--- Task prompt ---
If a record holds a picture, leave the picture out and copy everything else exactly.
##### Dataset content #####
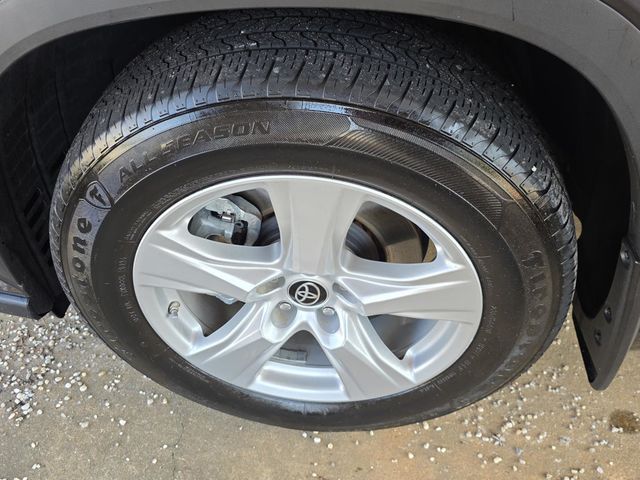 2023 Toyota Highlander Hybrid LE AWD - 23063165 - 36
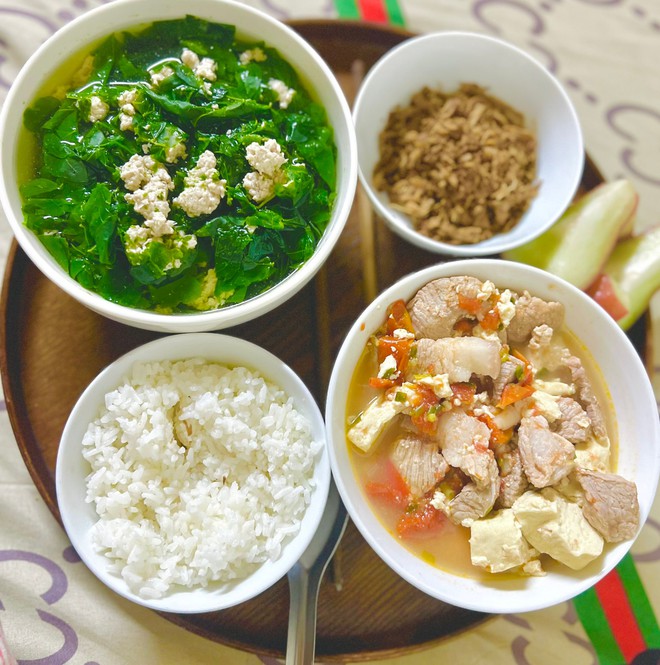 Cả nhà chồng thay phiên nhau nấu cơm cữ ngon cỡ nhà hàng cho bà đẻ: Mom này thắng đời 100-0 rồi!- Ảnh 14. Cả nhà chồng thay phiên nhau nấu cơm cữ ngon cỡ nhà hàng cho bà đẻ: Mom này thắng đời 100-0 rồi!- Ảnh 14.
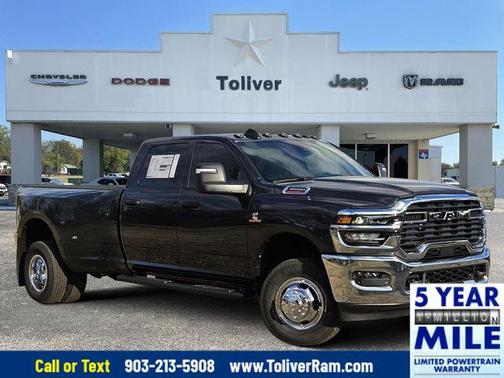 2026 RAM 3500 Tradesman Crew Cab 4x4 8' Box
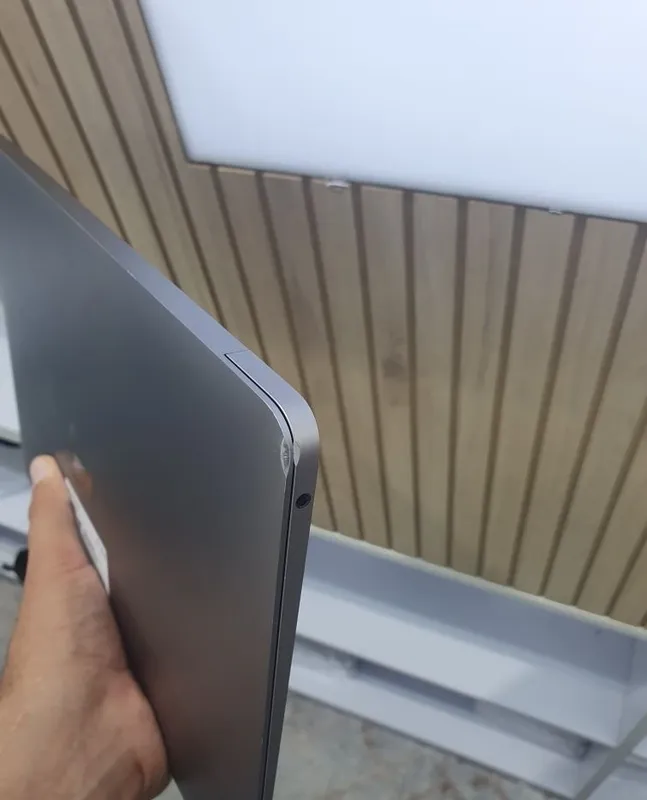 Macbook Air M1 . 2 Macbook Air M1 . 2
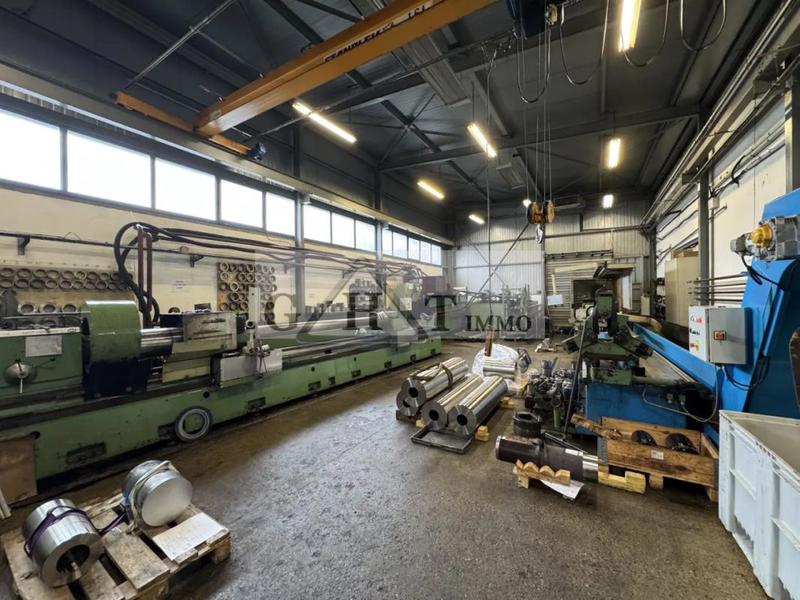 Entrepôt - 1 850 m²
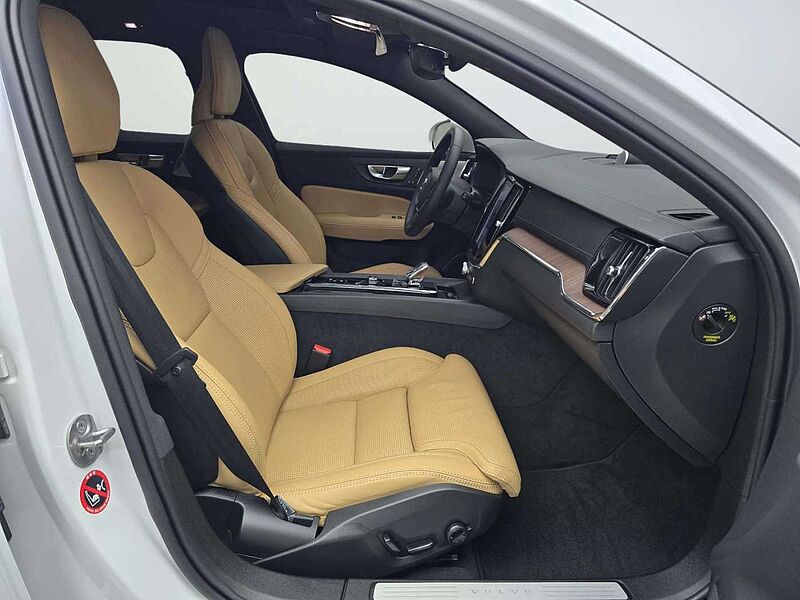 Volvo Ultimate, B5 AWD 마일드 하이브리드, 가솔린, 브라이트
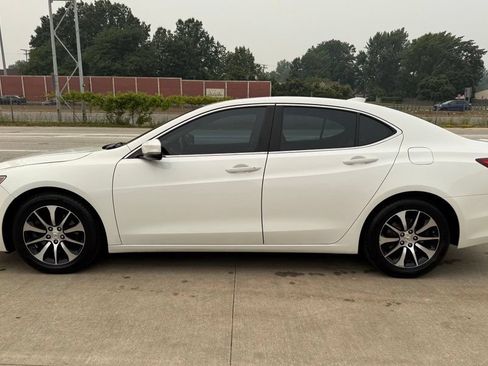 Used 2015 Acura TLX FWD image 11
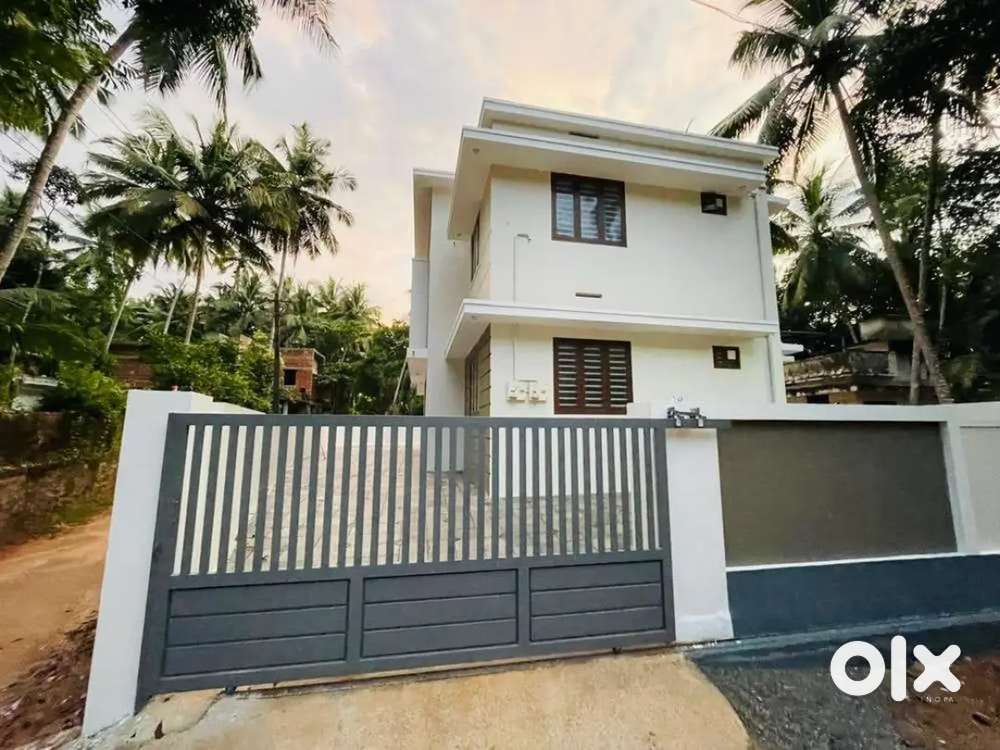 3 BEDROOM BACHELORS ALLOWED HOUSE FOR RENT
#####
--- Completed task ---
 2023 Toyota Highlander Hybrid LE AWD - 23063165 - 36
 Cả nhà chồng thay phiên nhau nấu cơm cữ ngon cỡ nhà hàng cho bà đẻ: Mom này thắng đời 100-0 rồi!- Ảnh 14. Cả nhà chồng thay phiên nhau nấu cơm cữ ngon cỡ nhà hàng cho bà đẻ: Mom này thắng đời 100-0 rồi!- Ảnh 14.
 2026 RAM 3500 Tradesman Crew Cab 4x4 8' Box
 Macbook Air M1 . 2 Macbook Air M1 . 2
 Entrepôt - 1 850 m²
 Volvo Ultimate, B5 AWD 마일드 하이브리드, 가솔린, 브라이트
 Used 2015 Acura TLX FWD image 11
 3 BEDROOM BACHELORS ALLOWED HOUSE FOR RENT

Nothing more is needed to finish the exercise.